ノーリツさんがこの曲を使い始めたのが1997年と知って、驚きました(以前は違う会社の給湯器だった)。30年近い歴史があるなんて、凄い!
同メロディーは聞き飽きないよう、流行りすたりのないクラシック音楽に絞り、お客さまにこれからおふろに入る高揚感と幸福感を感じてほしいという思いを重ね、ドイツの作曲家テオドール・エステン(オースティン)のピアノ曲「人形の夢と目覚め」の第2部「夢を見ているところ」を選定しました[注1] 。
現在ではオースティンではなく、エステンTheodor Oesten(1813〜1870、ヴェルディやヴァーグナーと同い年)として知られているのですね[注2]。《人形の夢と目覚め》以外にも彼の《アルプスの鐘》や《アルプスの夕映え》は、ピアノ学習初級者の格好の発表会ピースです。
《お人形の夢と目覚め》の構造
もうひとつ驚いたのは、お湯張りメロディーとして使われている部分(譜例参照)が、人形の夢の部分であったこと。聞き覚えできちんと楽譜を見たことが無かったため、最初の3拍子のゆっくりした部分が人形の夢で、4拍子になってテンポが上がった(譜例の)ところから最後の2拍子部分も含めて、目覚めに相当するのだろうと勝手にずーっと考えていました。

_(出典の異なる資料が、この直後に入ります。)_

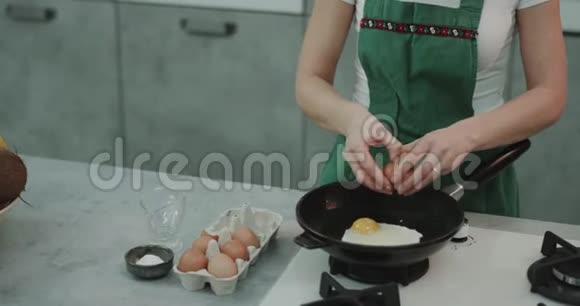 一个女孩把鸡蛋放进锅里耐心地等待他们做饭4k视频的预览图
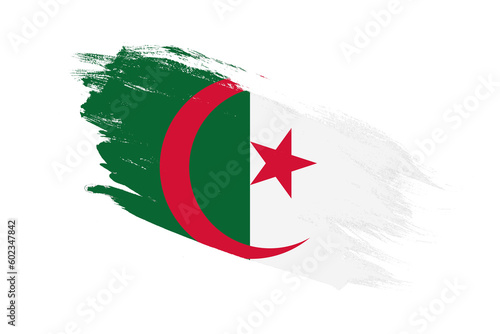 Algeria flag with stroke brush painted effects on isolated white background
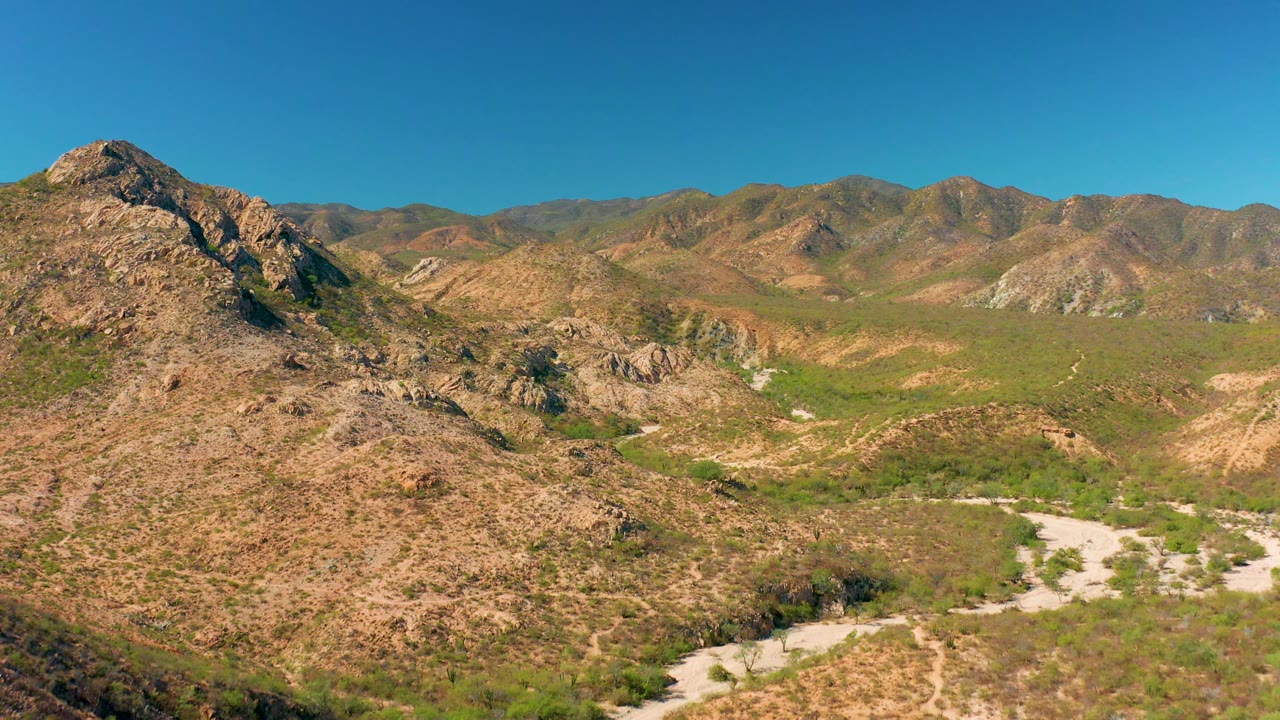 Aerial Cabo Pulmo frame with the rocky foreground slope filling the lower view, a green-brown valley beyond, pale dirt traces, distant mountains, and no visible people.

でも、今回楽譜を確認したら、最初の Andante con moto 3/4 が Cradle Song ゆりかごの歌(子守歌)、その最後から7小節目、ドードドーのところに Dolly Sleeps お人形が眠る、Moderate 4/4に変わったところに Dolly’s Dream お人形の夢と書いてありました。譜例は眠っているところだったのですね。
どこで目覚めるかというと、この部分の最後から3小節目、鋭い和音のところ。Dolly Awakes お人形が目覚めると書かれていて、最後の Allegretto Moderato 2/4 は Dolly Dances お人形が踊る。なるほど、そうだったのか!
シンプルですが上品なメロディーで、お風呂に入る(「高揚感」はともかく)「幸福感」が感じられます。以前、西洋音楽史を教えていて「学校の掃除の時間の音楽だった」とか「ゴミ収集車の音楽」などと言われて困ることがありましたが、お風呂の音楽にはマイナス感がありません。
有名過ぎず無名過ぎず、まさに「流行りすたりのないクラシック音楽」。素晴らしい選曲です。
音の使い方
このメロディー以外にも、給湯器のスイッチを入れると「ミソド 」、スイッチを切ると「ソミド 」と鳴ります。
ソミドは確かに終わった感じがします。でも、それに合わせてスイッチ・オンをドミソにすると、いまひとつ安定しません。やはりミソド。これも良く考えられています。
ちなみに、給湯器と一緒に玄関ドアも替えたのですが、これにも音が使われていたはず[注3]。確かめてみたら、鍵がかかると「ソ ソレシ」、鍵が開くと「ソ ソレシ ソレシ」と鳴ります。こちらはト長調。
ドミソと同じでソシレは落ち着かないので、ソレシにしたのかな。1回よりも2回続いた方が、うれしい感じ? 鍵が閉まるより開く方が、うれしいものだから?
いろいろ考えてしまいました。目の不自由な方に配慮して、企業も音の使い方をいろいろ工夫しているのですね。
注
- 全音ピアノピースなどでは、現在もオースティンです。
- 株式会社ノーリツの Website より(https://www.noritz.co.jp/company/news/2021/20210428-004325.html)
- YKK APに替えました。